Hook method called after local train step on client. step is an integer that represents the local training step that was most recently completed. For example, used by the APFL method to update the alpha value after a training a step. Also used by the MOON, FENDA and Ditto to update optimized beta value for MK-MMD loss after n steps.

Parameters:
  • step (int) – The step number in local training that was most recently completed. Resets only at the end of the round.

  • current_round (int | None, optional) – The current FL server round

Return type:

None

update_after_train(local_steps, loss_dict, config)[source]

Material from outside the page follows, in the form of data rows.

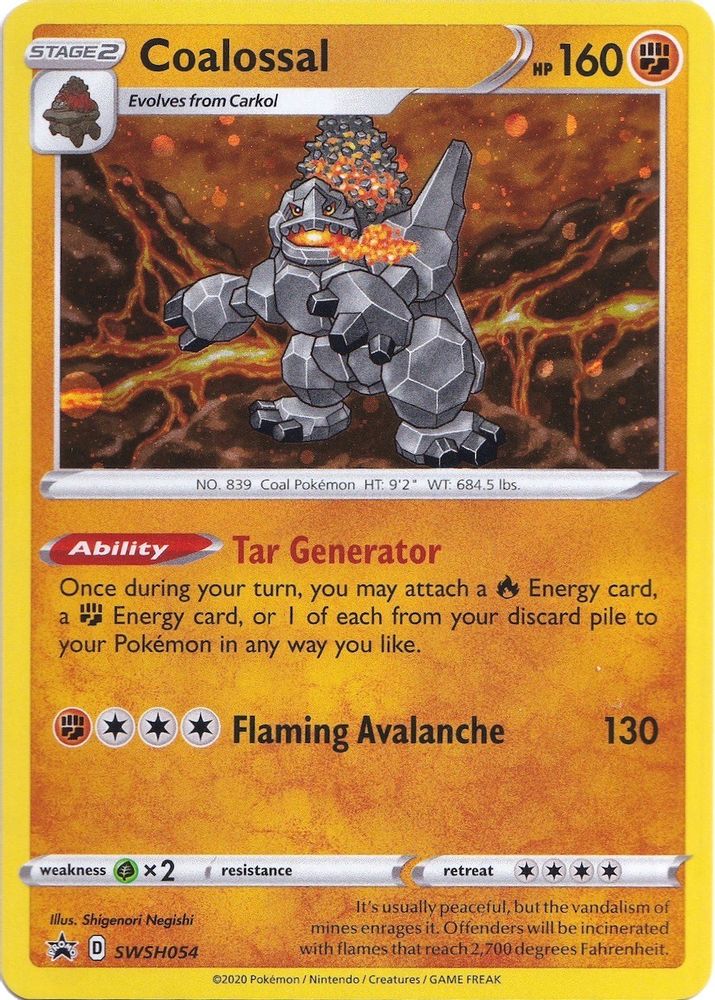 Coalossal (SWSH054) [Sword & Shield: Black Star Promos]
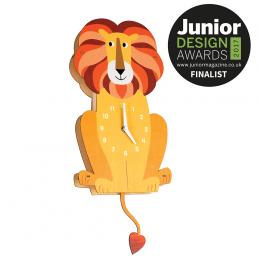 Charlie The Lion Wooden Wall Clock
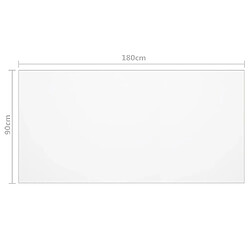 vidaXL Protecteur de table mat 180x90 cm 2 mm PVC pas cher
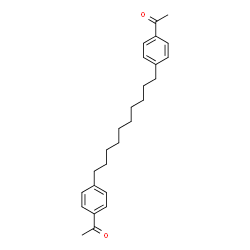 ChemSpider 2D Image | 1,10-bis(4-acetylphenyl)decane | C26H34O2
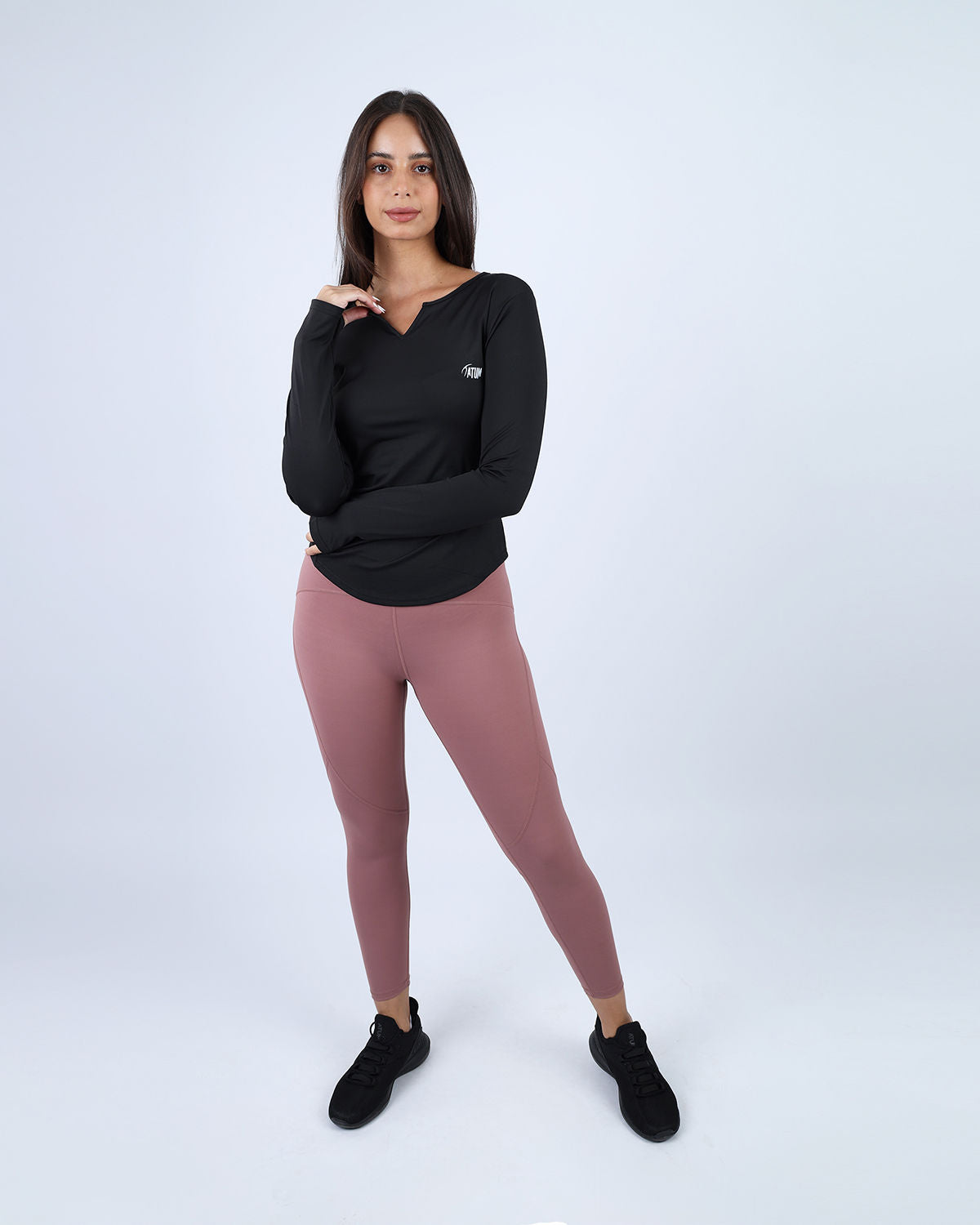 Elegance Women's Black Long-Sleeve Top-Atum -78580324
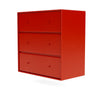 Montana Carry Dresser met ophangrail, Rosehip Red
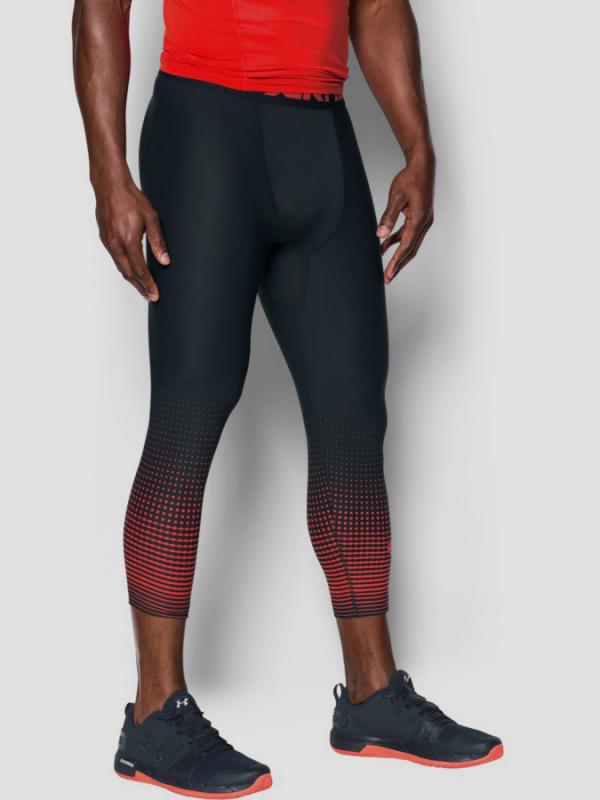 Kompresní legíny Under Armour HG Comp Graphic 3/4 Černá
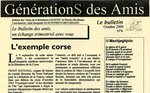 Journal GénérationS des amis n°4 (octobre 2000)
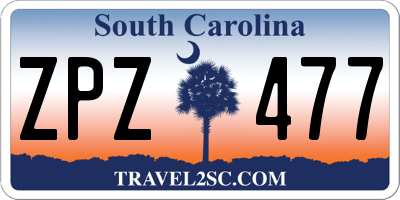 SC license plate ZPZ477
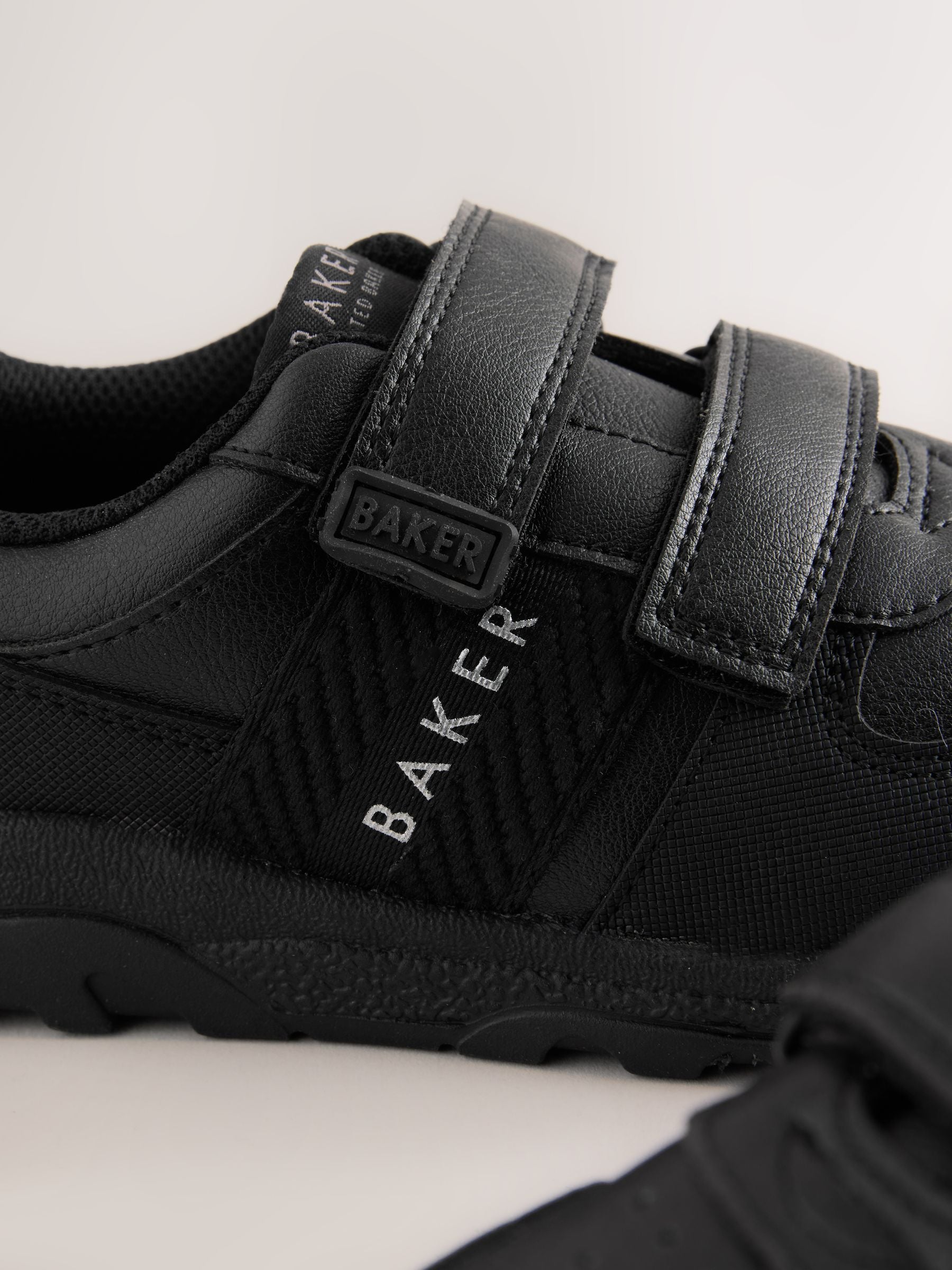 Back to School Black Branded Two Strap Touch Fastening Trainers image 3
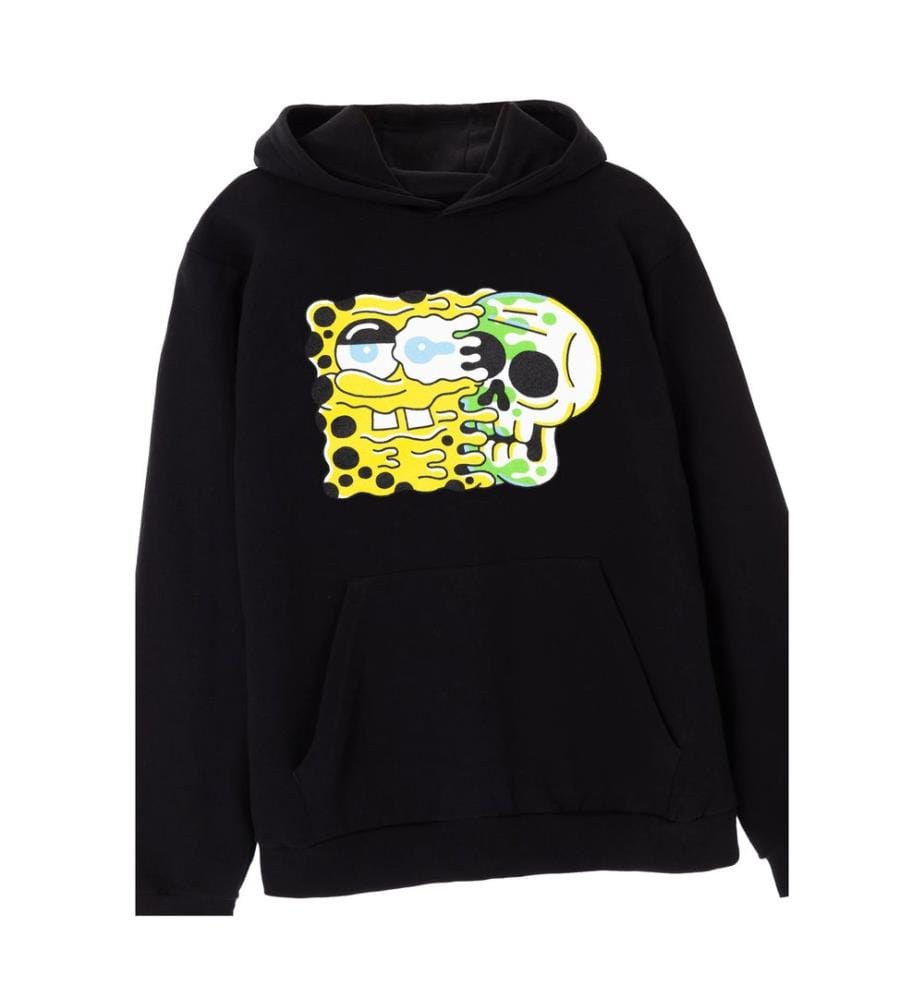 SpongeBob SquarePants Felpa con Cappuccio Teschio Uomo
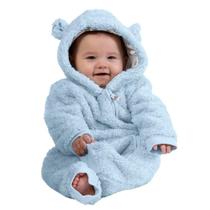 Macacão Baby Sherpa com Capuz Jolitex Cor:Azul Macacão Baby Sherpa com Capuz Jolitex Cor:Azul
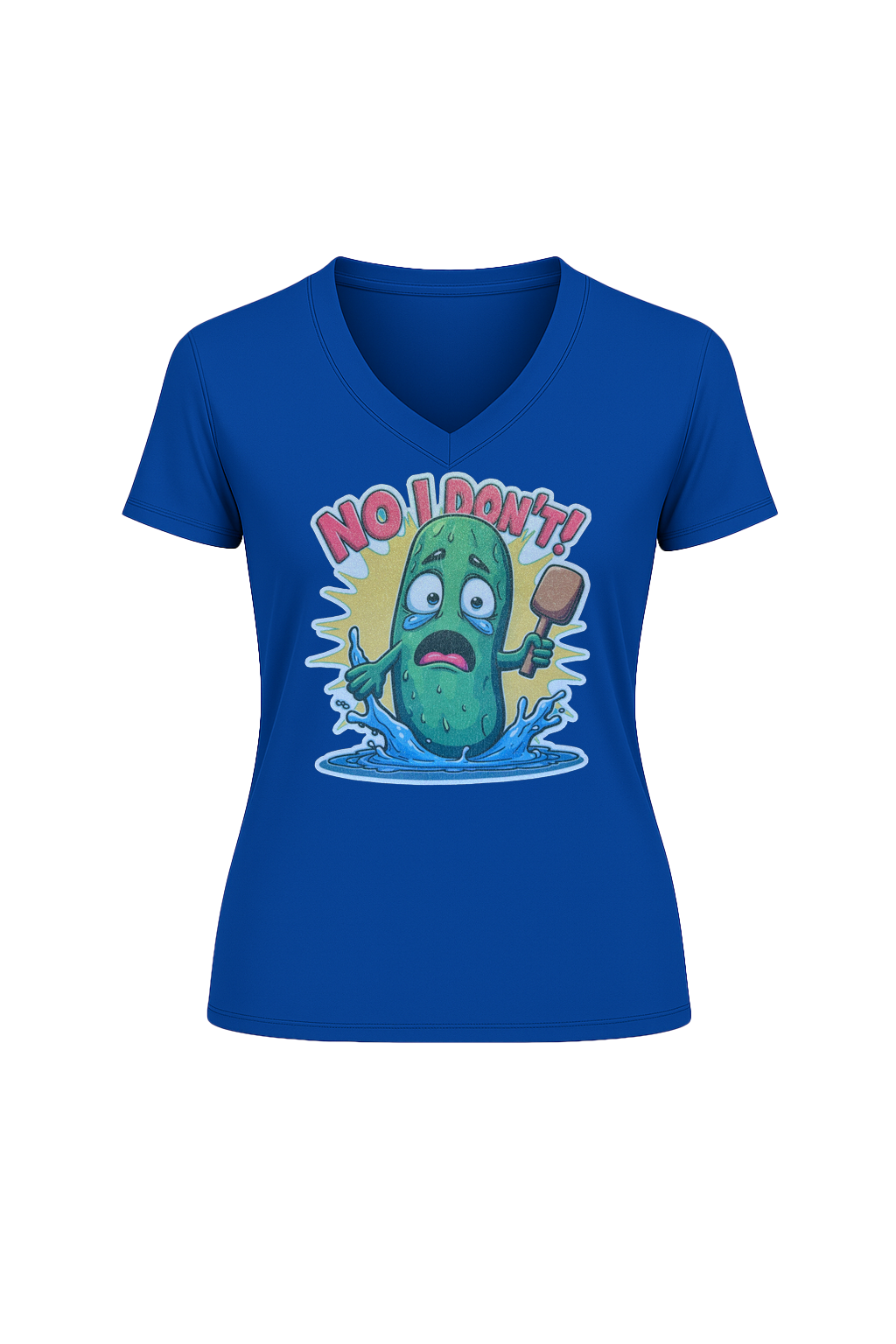 Glitter No I Don't Short Sleeve V-Neck Tee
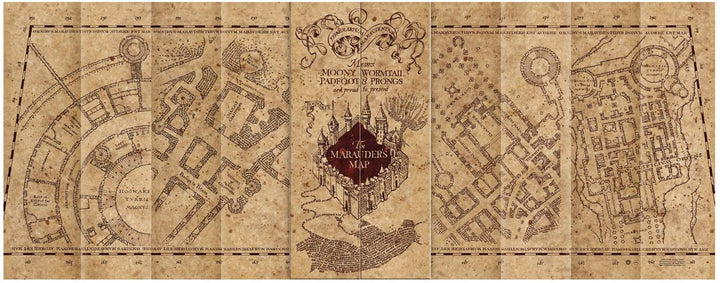 Die edle Sammlung Marauders Karte 1.000pc Jigsaw Puzzle überdimensioniert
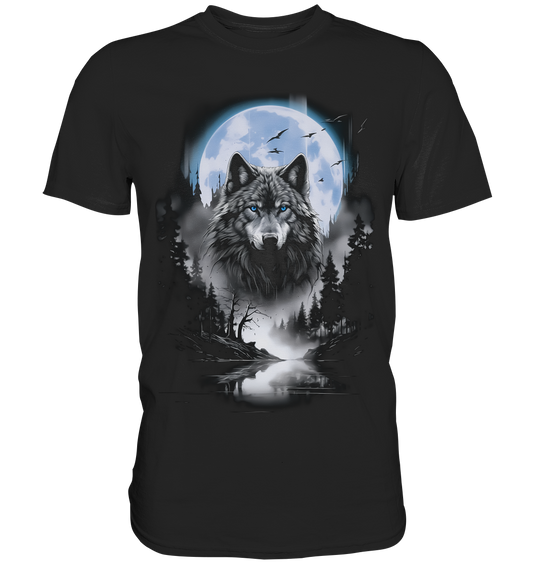 Wolf in Freier Natur - Premium Shirt | Sale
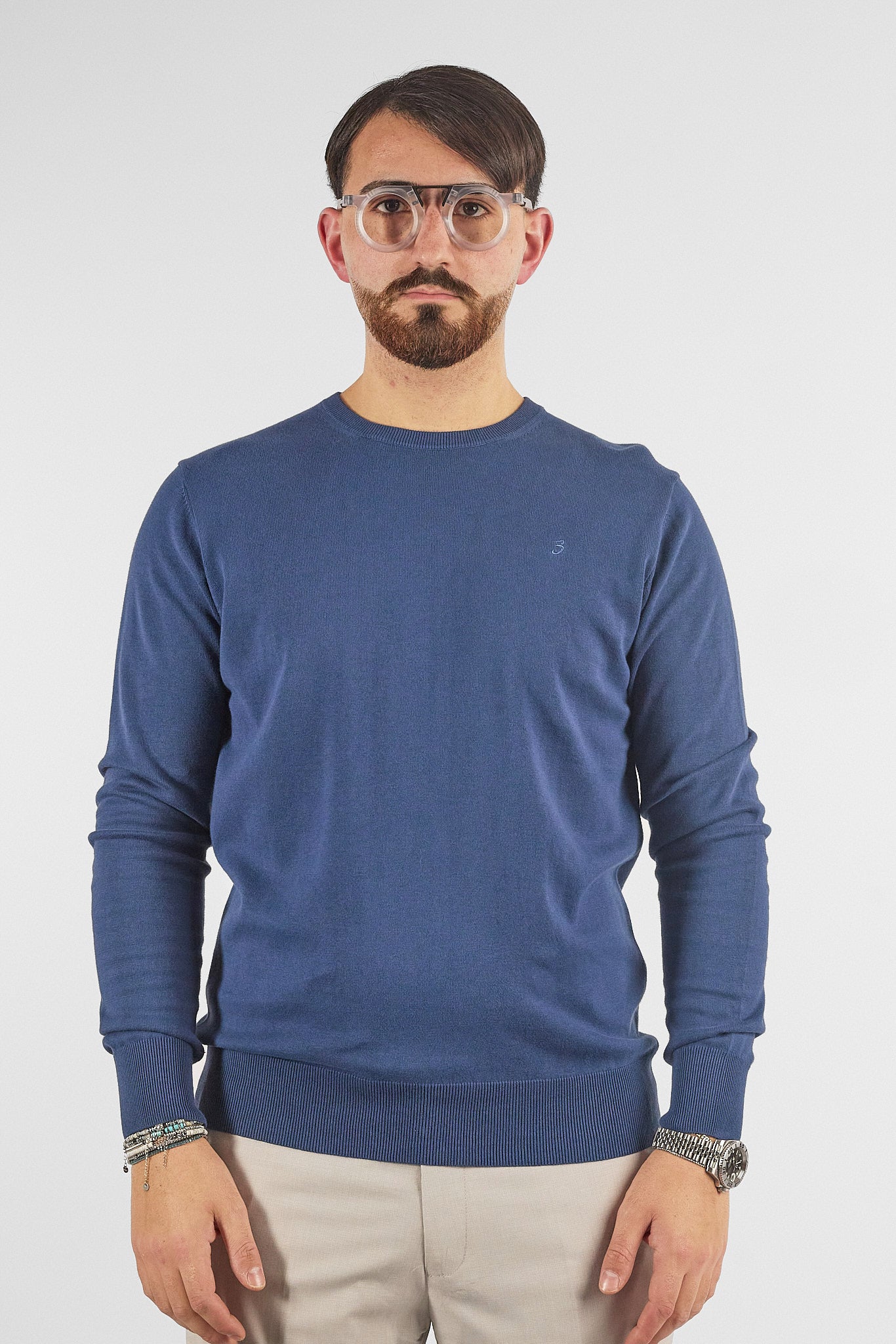 Pullover Girocollo Basic Cotone 110 | 2 per €50 | Avion 43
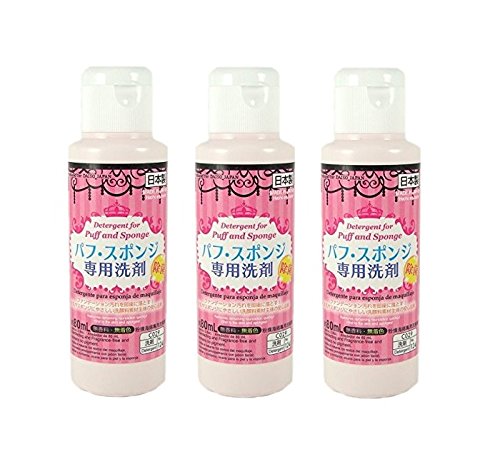 4714420892492 - DAISO DETERGENT CLEANING FOR MARKUP PUFF AND SPONGE 80ML*3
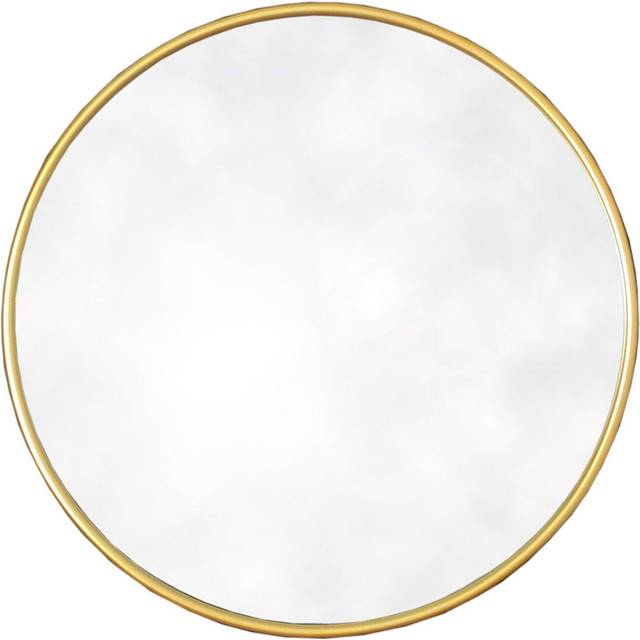 Round Gold Mirror - Yellow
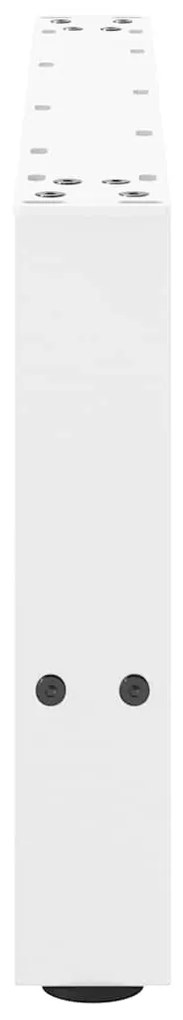 Pés para mesa de centro , brancos, 2 peças, 70x (30-31) cm, aço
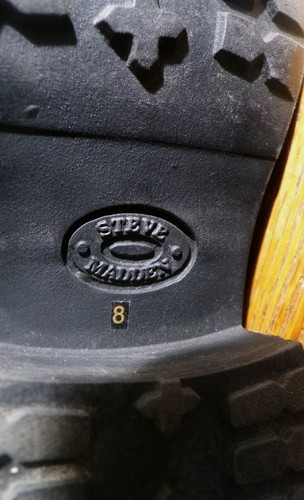 Stivali da combattimento Steve Madden Troopa 2.0 in pelle nera taglia 8 stringati molto belli - Foto 9 di 9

Hook method called after training with the number of local_steps performed over the FL round and the corresponding loss dictionary. For example, used by Scaffold to update the control variates after a local round of training. Also used by FedProx to update the current loss based on the loss returned during training. Also used by MOON and FENDA to save trained modules weights before aggregation.

Parameters:
  • local_steps (int) – The number of steps so far in the round in the local training.

  • loss_dict (dict[str, float]) – A dictionary of losses from local training.

  • config (Config) – The config from the server

Return type:

None

update_before_epoch(epoch)[source]

Hook method called before local epoch on client. Only called if client is being trained by epochs (ie. using local_epochs key instead of local steps in the server config file)

Parameters:

epoch (int) – Integer representing the epoch about to begin

Return type:

None

update_before_step(step, current_round=None)[source]

Hook method called before local train step.

Parameters:
  • step (int) – The local training step that was most recently completed. Resets only at the end of the round.

  • current_round (int | None, optional) – The current FL server round

Return type:

None

update_before_train(current_server_round)[source]

Hook method called before training with the number of current server rounds performed. NOTE: This method is called immediately AFTER the aggregated parameters are received from the server. For example, used by MOON and FENDA to save global modules after aggregation.

Parameters:

current_server_round (int) – The number of current server round.

Return type:

None

update_lr_schedulers(step=None, epoch=None)[source]
Updates any schedulers that exist. Can be overridden to customize update logic based on client state

(ie self.total_steps).

Parameters:
  • step (int | None) – If using local_steps, current step of this round. Otherwise None.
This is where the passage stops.